Remember how I managed to fry my USB port with a little ESD? The most immediate problem is that I could not use my USB mouse, and had to stay with my trackpad for a few weeks. I also knew at the time, however, that I would have a hard time backing up my data to a USB connected external disk.
I bought a PCMCIA-USB card yesterday, which worked fine for the mouse. When I tried to plug in my external disk though, none of my three OSes (Windows, Ubuntu, and Arch) detected the device at all, even though the light on the drive lit up. I had already anticipated that the PCMCIA card won't have enough power for the disk. Luckily, the disk came with an second power only USB cable, which I then also plugged in but to no avail.
After trying the drive on my desktop, and moving it back and forth for a while, I figured out that the power cable does not by itself provide enough power.

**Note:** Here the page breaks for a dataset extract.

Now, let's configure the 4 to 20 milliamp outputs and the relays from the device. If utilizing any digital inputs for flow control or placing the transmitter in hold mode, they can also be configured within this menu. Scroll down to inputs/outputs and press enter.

If it needs the power cable, then both that and the power+data cable needs to give it juice for it to run. It seems that the PCMCIA card just doesn't give enough juice.
I was then at a dilemma. I want to backup my files (so I could reinstall my OSes, something I do once or twice a year). There doesn't seem to be a way to connect my laptop to my disk though.
What I eventually did was a really convoluted way of doing backups, but it works. I took my new Ubuntu 7.10 boot disk and ran it on my desktop. Now I have two Linux boxes running. I connect my external disk to my desktop, which detects it and reads it correctly. Finally, I use SFTP to connect my desktop to my laptop, and do a backup "remotely" that way.
The result: I'm typing this post on a newly installed Ubuntu 7.10.